Swollen glands, usually in the neck area, are caused by an inflammation of the lymph nodes and are the body’s response to infection. To alleviate pain, apply a warm compress and give your child acetaminophen or ibuprofen.
Call the doctor if a gland is hard, feels warm or is very painful.
Tooth pain in a child could be the eruption of a new tooth, gum irritation from impacted food, mouth sores, or a sinus infection. Until you visit the doctor or dentist, ease the pain with acetaminophen or ibuprofen, put a hot water bottle wrapped in cloth on your child’s cheek, or use prescribed medication from your doctor.
Vomiting and nausea
Vomiting comes from motion sickness, allergies, overeating, food poisoning, bacteria or a virus.

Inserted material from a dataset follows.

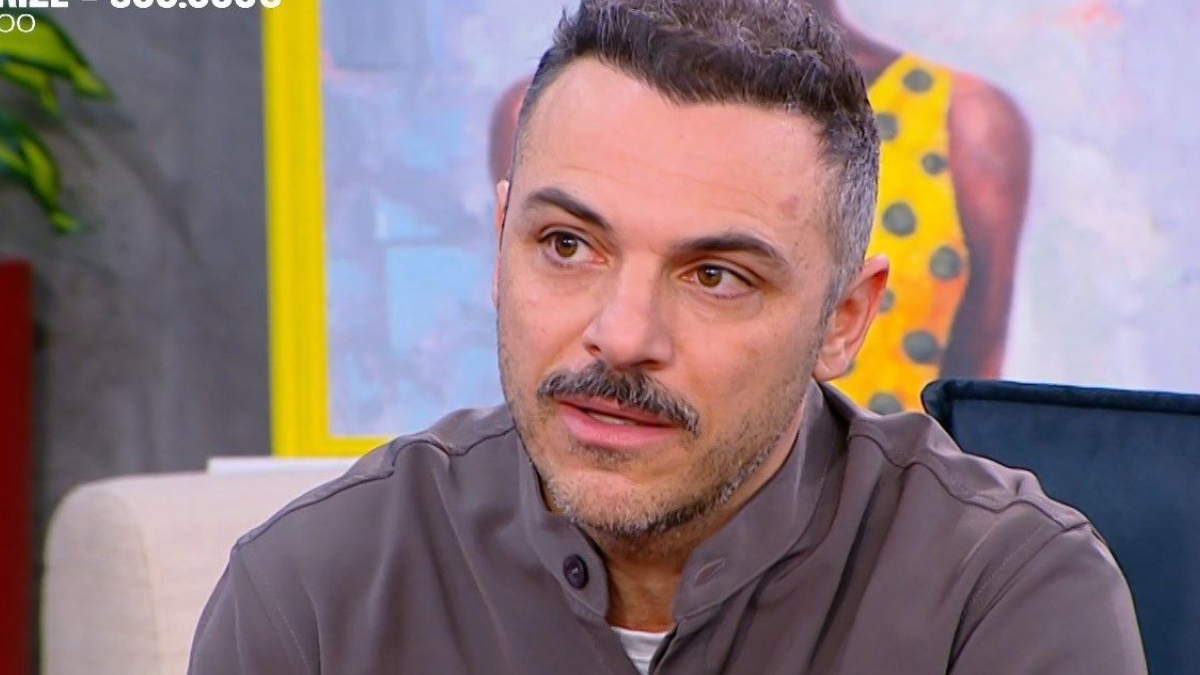 Κώστας Δόξας: Πήγε να δείξει on air βίντεο της κόρης του να κλαίει – Η αντίδραση του Γιώργου Λιάγκα (vid)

* Replace lost fluids with sips of water or other clear fluids to prevent dehydration.
* When your child resumes solid food, give only light foods and NOT those high in fat and sugar.
* Do not give your child aspirin (which can irritate the stomach and can cause Reye’s syndrome) or over-the-counter medications for nausea. If your child is only nauseous and is not vomiting, it is usually not serious.
* Call the doctor if the nausea lasts more than a week, or if your child cannot hold down even clear fluids.
Wheezing sounds like a whistling sound when your child breathes out. It is common in patients with asthma who have a cold. If your child has asthma, have her use her inhaler and take her medication. Contact your doctor for instructions.
Call your doctor immediately if:
* Your child is breathing with great difficulty or turning blue.
* She is wheezing for the first time.
* She has been diagnosed with asthma but is not responding the way she does usually.
* Wheezing is accompanied by fever and chest pain.